Saturday, January 12, 2008

Keepin' the Wheels Rollin' -- Terry -- Politics -- The Ex-Files

Keeping the wheels rollin'. Last time I wrote, a few days ago, I was shut down in Bracey, Virginia, on my way up to Perryman, Maryland. It was a very tight load, with barely enough time to get it there when it was due. My load information said it would be a drop load, but when I got there, and saw the long lines of trucks lined up outside the front gate waiting on doors to become available, it didn't take much time to realize it would be a live unload.

All in all, though, it wasn't too bad. I was tired after driving almost 300 miles up I-95 at the time I'm normally sleeping. And, I only got about 3 hours of solid sleep (again, because it was out of sync with my normal sleep patterns), so that just compounded the effects of my fatigue. The nice thing was that starting at 1:00 am let me drive through all the major traffic areas (Richmond, which isn't bad any time usually, DC, which is bad all the time during the day, and Baltimore, which is normally congested during the daytime also) without much traffic of any consequence. Made for a nice ride.

One nice thing about driving at night is that I get to hear some things on XM radio that I don't normally hear during the day: Coast to Coast AM, other talk radio folks, the Midnight Trucking Show, stuff like that.

One nice thing about a live unload (or load) is that most of the time, you can relax and take a nap, which is what I did.

The next load I was supposed to pick up in Lititz, Pennsylvania, going to Poca, West Virginia. The trailer was supposed to be already loaded, but it was a live unload in Poca at 7:00 am Friday morning, which meant that I would be stuck driving all night again. Ugh! I hate getting off my schedule like that. Usually, there is enough time on the loads they give you as a solo driver (at least in my past experience) that you would have the flexibility to sort out your schedule to get back to whatever is comfortable for you. But on this load, there wasn't.

I was dreading it.

So I drive up to Pennsylvania, a very lovely drive, but a slow one with all the small towns and traffic on the two lane roads I was on. Get to the place, go inside the shipping office, tell them I'm there to pick up the load.

What load?

This load going up to Poca, West Viriginia. Gave the lady as much info as Schneider had sent me.

Shuffles through paperwork. Looks perplexed. Finally looks up at me and says: “It's not here. There is nothing we have loaded for Poca at all. It's possible it's already been picked up, but I can't be sure. You'll have to call your dispatcher.”

Go back out to the truck and call my DBR (what Schneider calls our dispatcher). Stay on hold for a while so Julian can check things out. Comes back on the line and tells me that the load was put on hold for some reason. There really is no load.

So inside, I cheer! Oh boy! I don't have to drive all night. I tell Julian to just show me going 60 miles away to the Schneider OC in Carlisle, Pennsylvania (near Harrisburg), to shut down for the night (I'm getting close to the limit of 14 hours I can work in one shift), and I'll be available for a load the next morning. No problem.

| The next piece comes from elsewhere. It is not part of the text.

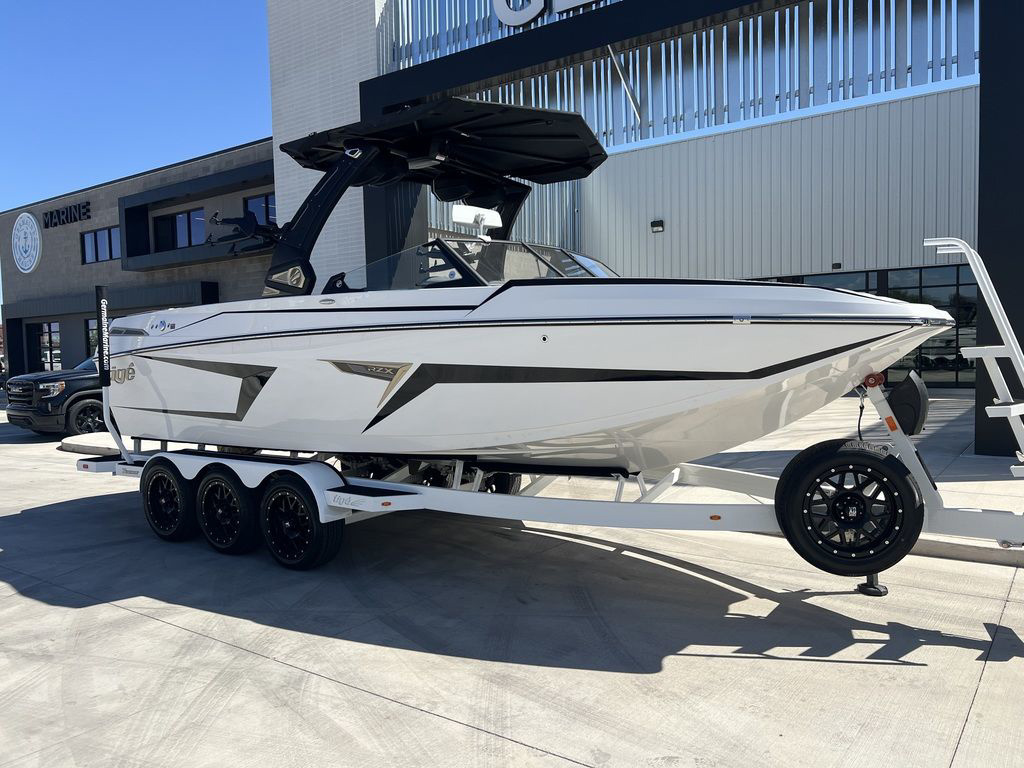 2025 Tige 24RZX Raptor 575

I get to Carlisle, go in and take a shower (note: truck drivers, more than most anyone in the world, can appreciate how nice a shower is; living on the road makes a nice shower a true luxury, one not to be taken for granted. Of course, walking into most truck stops, one also realizes how few truckers take advantage of the luxury very often.), get something to eat, and go back to the truck. Make a couple of phone calls. It's only about 5:00 pm.

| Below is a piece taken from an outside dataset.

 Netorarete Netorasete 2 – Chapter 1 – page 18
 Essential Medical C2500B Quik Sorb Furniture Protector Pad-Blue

But I fall to sleep right away, and sleep very deeply until the next morning. I must have gotten about 11 hours of uninterrupted sleep, and even after I woke up the first time, since it was cold, and rainy, and I hadn't gotten a load, I dozed for another two hours or so. But I woke up feeling great.

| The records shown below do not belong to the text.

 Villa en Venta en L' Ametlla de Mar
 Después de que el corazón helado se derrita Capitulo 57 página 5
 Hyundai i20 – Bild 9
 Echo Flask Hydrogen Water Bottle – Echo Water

And the next load was a nice one: picking up at a Walmart distribution center up in Woodfield, Pennsylvania, and delivering to another Walmart place down in Alachua, Florida. I have been to both places a few times, and I have plenty of time on the load. It's the load I'm currently under.

I picked up the load yesterday afternoon and shut down last night in Hagerstown, Maryland. I could have driven a while longer, but I wanted to stay on my early schedule, so I shut down about 5:00 pm.

The trailer I picked up at Walmart had one tire that was going flat. The load was light, so I decided it could travel okay until I went through Schneider's OC in Charlotte, North Carolina, today.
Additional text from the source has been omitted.